Wakil Menteri Energi dan Sumber Daya Mineral (ESDM) Rudi Rubiandini menilai, putusan Mahkamah Konstitusi (MK) yang menyebutkan bahwa BP Migas tidak memihak kepentingan nasional sebagai pandangan yang salah.
Terlebih, salah satu pertimbangan MK membubarkan BP Migas karena sumbangan terhadap APBN selalu turun.
"Mengambil angka 12 persen, itu yang salah. Negara mendapatkan hampir 80 persen dari pengelolaan migas," ujar Rudi dalam diskusi publik bertajuk 'Masa Depan Pengelolaan Migas Nasional Pasca Keputusan MK' di Kantor DPP Golkar, Jakarta, Selasa (4/12).
Rudi Rubiandini
Rudi menambahkan, BP Migas tidak menyerahkan kuasa perminyakan atas blok migas pada kontraktor, negara masih memiliki kekayaan alam 100 persen.

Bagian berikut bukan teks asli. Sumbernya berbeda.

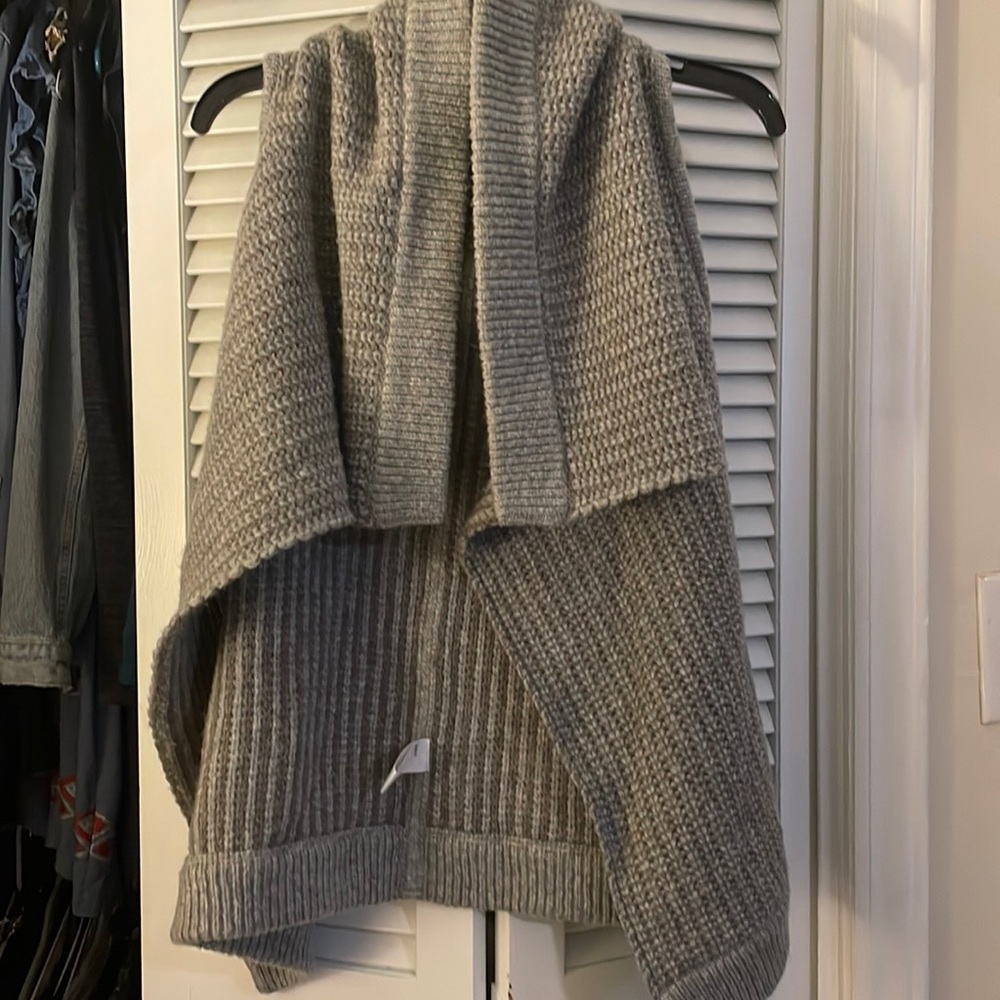 Sweater Vest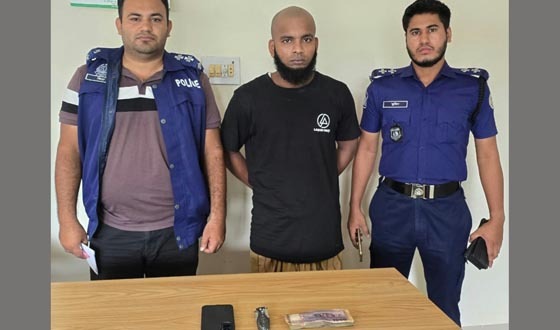 দৌলতখানে দেশীয় অস্ত্রসহ মাদক সেবনকারি ও কারবারি গ্রেপ্তার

Kontraktor hanya mendapatkan bagi hasil dari kegiatan pertambangan yang mereka lakukan.
"Posisi kontraktor hanya tukang cangkul yang mencangkulkan, baru negara yang men-share," tegasnya.

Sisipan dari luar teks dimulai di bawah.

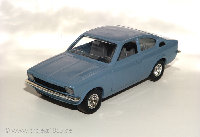 212-Burago-Kadett-C-Coupe-pastellblau-a.jpg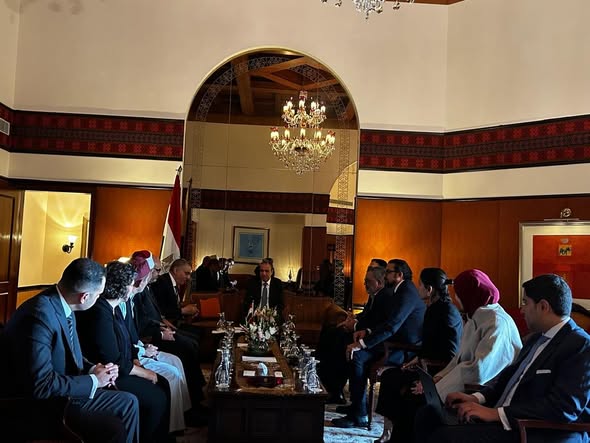 وزير الخارجية يلتقي أعضاء الجالية المصرية بإسلام آباد 1 591186892 1414017910768625 4888026240044708248 n 1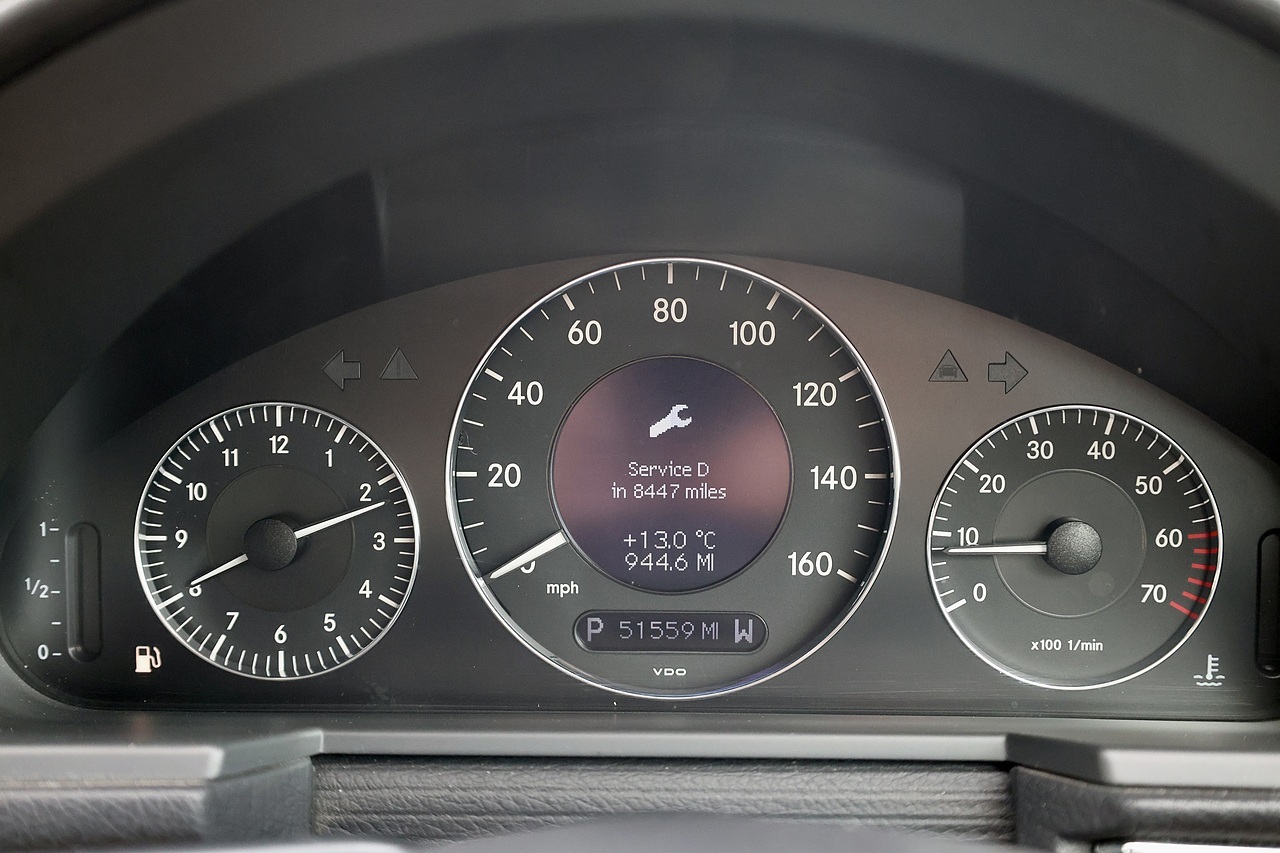 Mercedes-Benz E240 Elegance Previously Supplied by Ourselves + 15 Services - Large 17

Selain itu, Rudi menambahkan, uang yang diberikan BP Migas kepada para kontraktor sebagai bagi hasil kegiatan pertambangan merupakan hal yang wajar. Sebab, Indonesia belum memiliki teknologi untuk mengeksplorasi sendiri kekayaan alamnya, sehingga masih membutuhkan bantuan dari kontraktor asing.
"Yang kita miliki adalah sumber daya alam, sedangkan kita tidak bisa mengolahnya, maka muncul kontrak kerjasama," katanya.

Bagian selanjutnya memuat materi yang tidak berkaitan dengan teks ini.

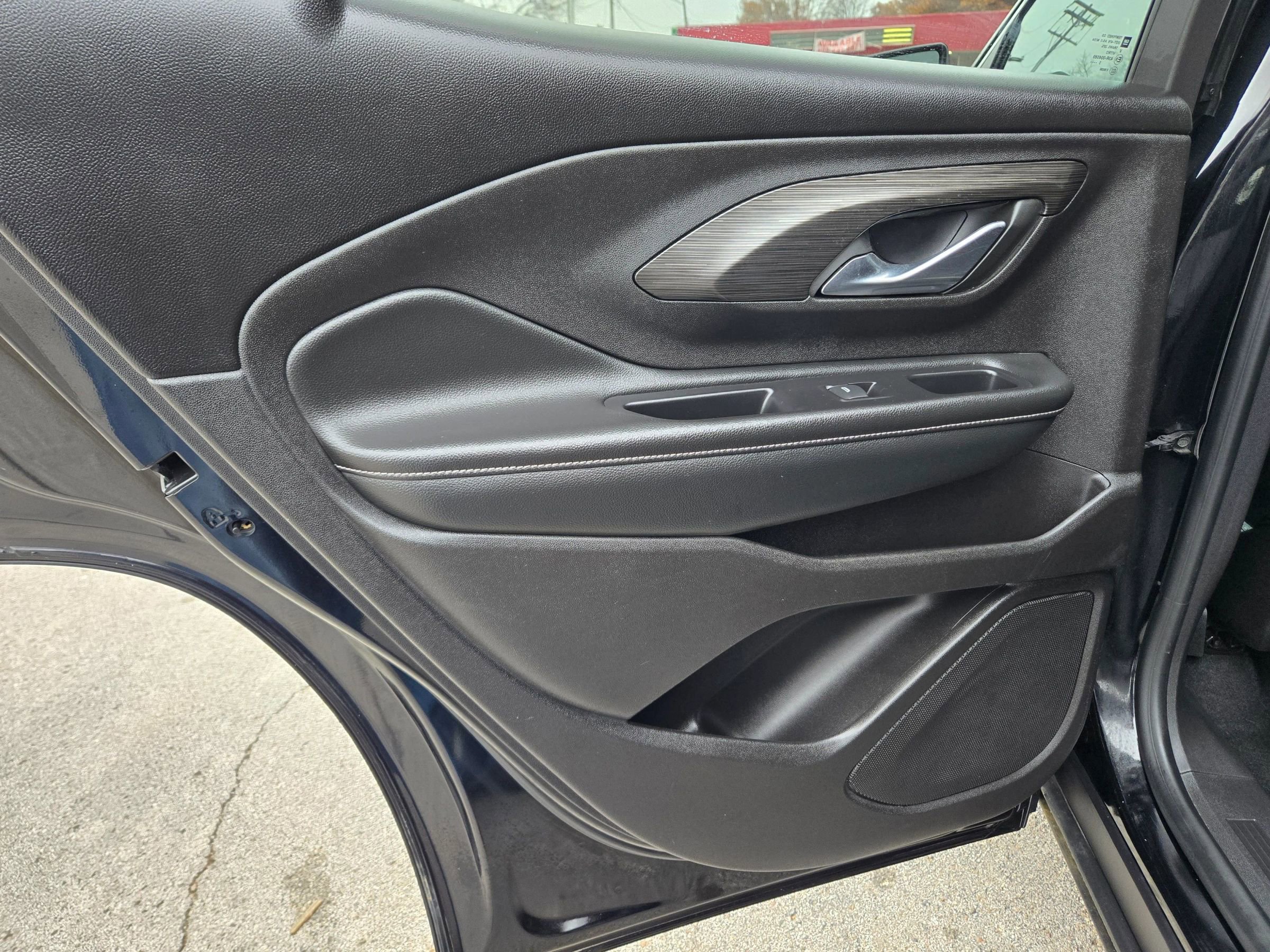 Used 2024 GMC Terrain SLT image 50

Sebelumnya, Mahkamah Konstitusi (MK) membatalkan ketentuan yang mengatur keberadaan Badan Pelaksana Minyak dan Gas Bumi (BP Migas) sebagaimana termaktub dalam Pasal 1 angka 23, Pasal 4 ayat (3), Pasal 41 ayat (2), Pasal 44, Pasal 45, Pasal 48 ayat (1), Pasal 59 huruf a, Pasal 61, dan Pasal 63 Undang-Undang (UU) Nomor 22 Tahun 2001 tentang Migas. Dengan putusan ini, MK menyatakan keberadaan BP Migas tidak memiliki kekuatan hukum sehingga harus dibubarkan.
MK segala hal yang berkaitan dengan BP Migas dinyatakan tidak lagi dapat dipertahankan. Ini karena dasar hukum BP Migas bertentangan dengan konstitusi negara Indonesia.